Divisions de l’année: L’année est divisée en 4 saisons: l’hiver du jour le plus cours (on dit solstice) à celui où nuit et jour sont de même longueur (on dit équinoxe), le printemps, de ce jour à celui qui est le plus long, l’été qui va jusqu’au jour d’équinoxe suivant (en septembre) et enfin l’automne se poursuit jusqu’au jour le plus court. Pour des raisons religieuses, Jules César avait fixé les dates butoirs de changement de saisons au 24 du mois de décembre (début de l’hiver), au 24 mars (début du printemps), au 24 juin (début de l’été) et au 24 septembre (début de l’automne). Par cet énoncé, vous voyez que trois fêtes importantes du calendrier chrétien dépendent de cette antique division de l’année: le 24 juin, jour des feux de la Saint-Jean, et surtout le 25 décembre, début alors du cycle du rallongement des jours, symbole de renouveau. En conséquence, l’annonciation de cette naissance miraculeuse a eu lieu neuf mois auparavant, le 25 mars, premier jour du printemps, signe d’espérance.

De même, Jules César avait fixé le jour supplémentaire rajouté une année sur quatre au 24 du mois de février.

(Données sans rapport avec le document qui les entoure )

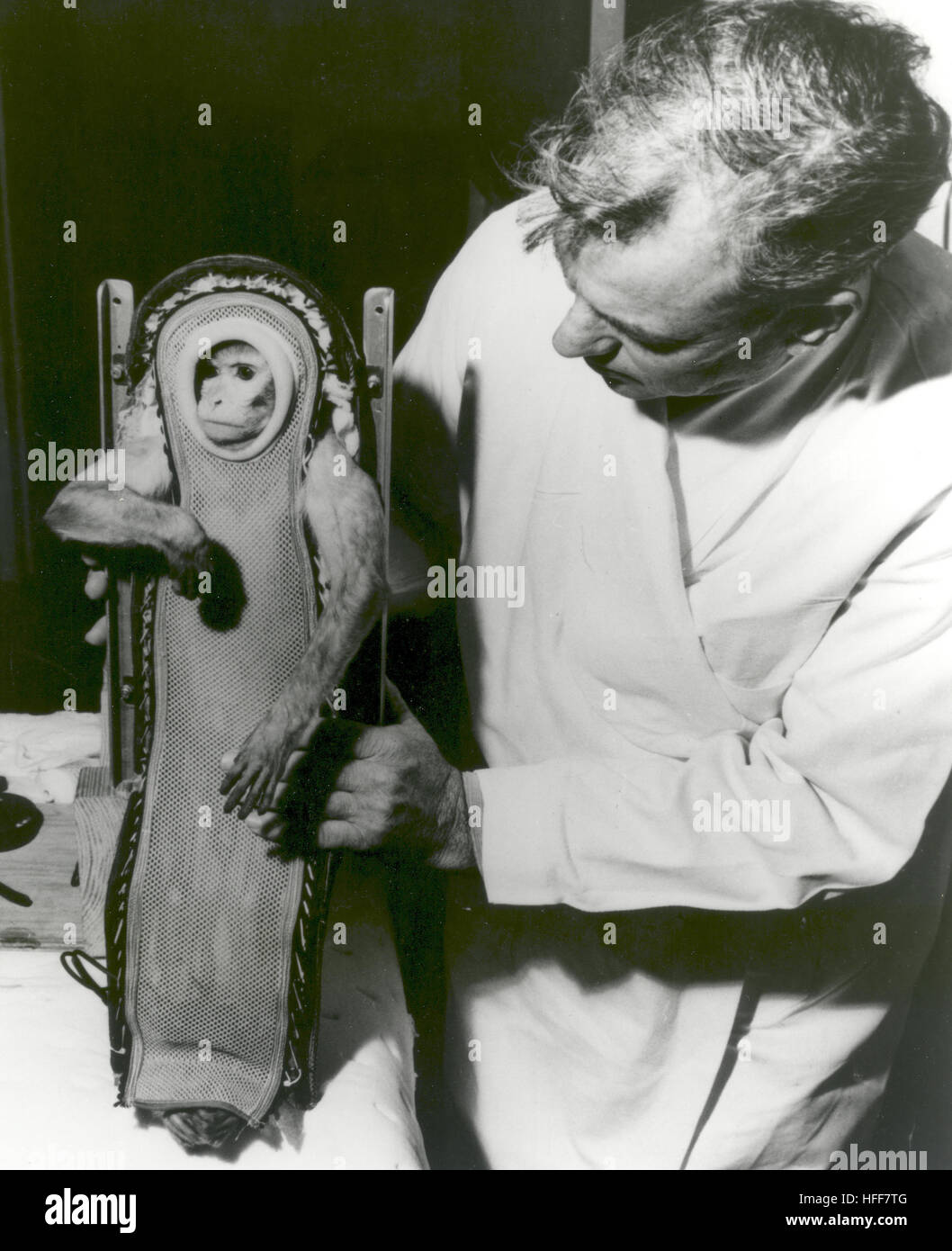 Sam, the Rhesus monkey, after his ride in the Little Joe-2 (LJ-2) spacecraft. A U.S. Navy destroyer safely recovered Sam after he experienced three minutes of weightlessness during the flight. Animals were often used during test flights for Project Mercury to help determine the effects of spaceflight and weightlessness on humans. LJ-2 was one in a series of flights that led up to the human orbital flights of NASA's Project Mercury program. The Little Joe rocket booster was developed as a cheaper, smaller, and more functional alternative to the Redstone rockets. Little Joe could be produced at  Stock Photo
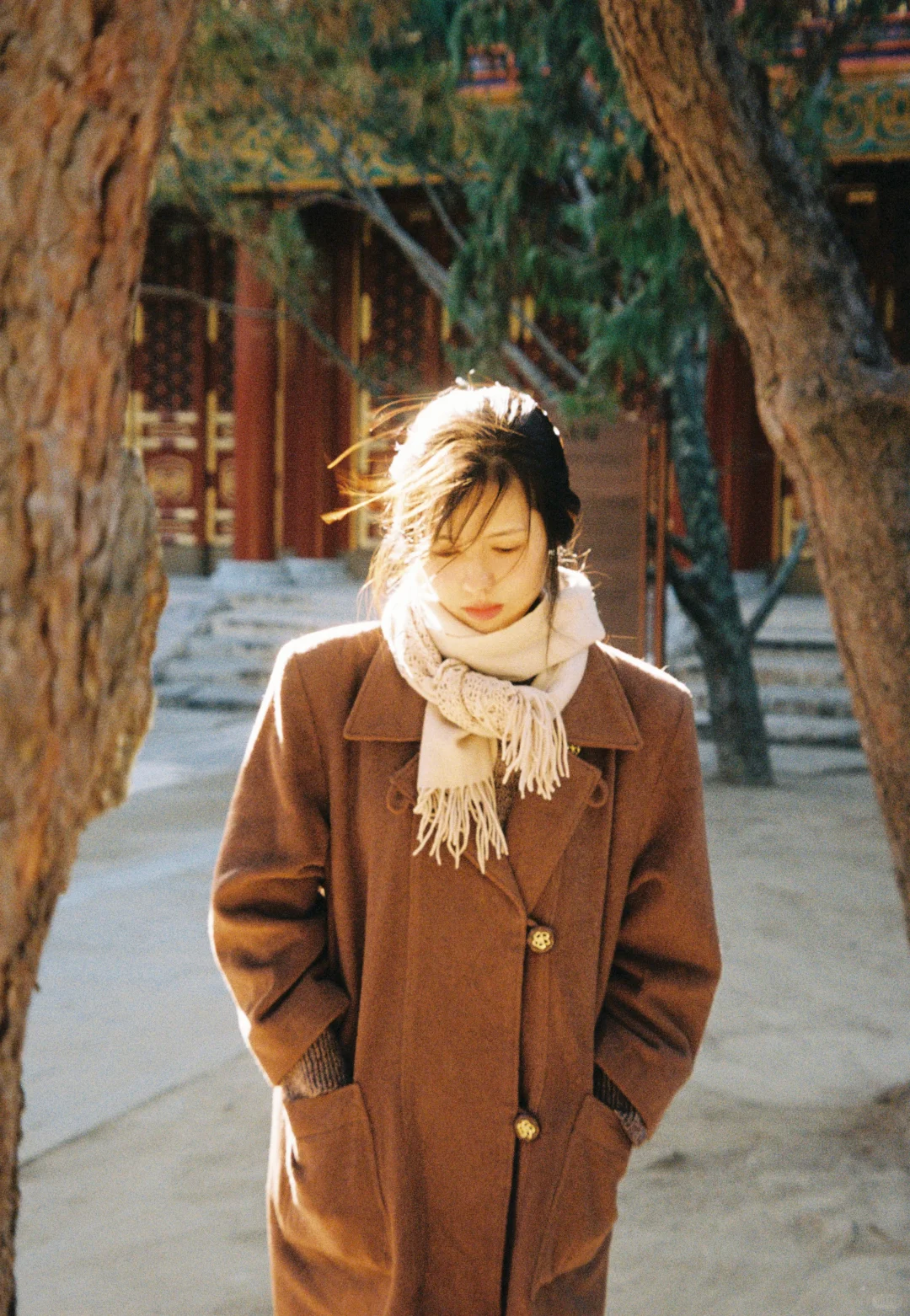 鹤男秋日氛围感写真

Ce jour se trouvait six jours avant le premier mars, ce qui se dit en latin bis sextilis dies ante kalendas Marcii (le 2e sixième jour avant les calendes de mars). Voilà ce qui explique le nom de ces années plus longues: années bissextiles

Lors du Concile de Nicée, du fait du différentiel entre l’année julienne et l’année astronomique, ces dates de solstices et d’équinoxes furent placées respectivement au 21 décembre, au 21 mars, au 21 juin et au 21 septembre. Cet usage s’est maintenu jusqu’à aujourd’hui.

Le début de l’année

Il n’y a pas de fait déterminant pour commencer l’année à un jour plutôt qu’un autre. L’usage fut donc fluctuant. Voici les principaux jours de début d’année:

1er mars: Les Romains fixèrent le début de l’an au premier mars, saison où l’on entrait en campagne militaire (voilà pourquoi pendant longtemps le mois de février fut considéré comme le dernier mois de l’année, au cours duquel on devait rajouter un jour supplémentaire).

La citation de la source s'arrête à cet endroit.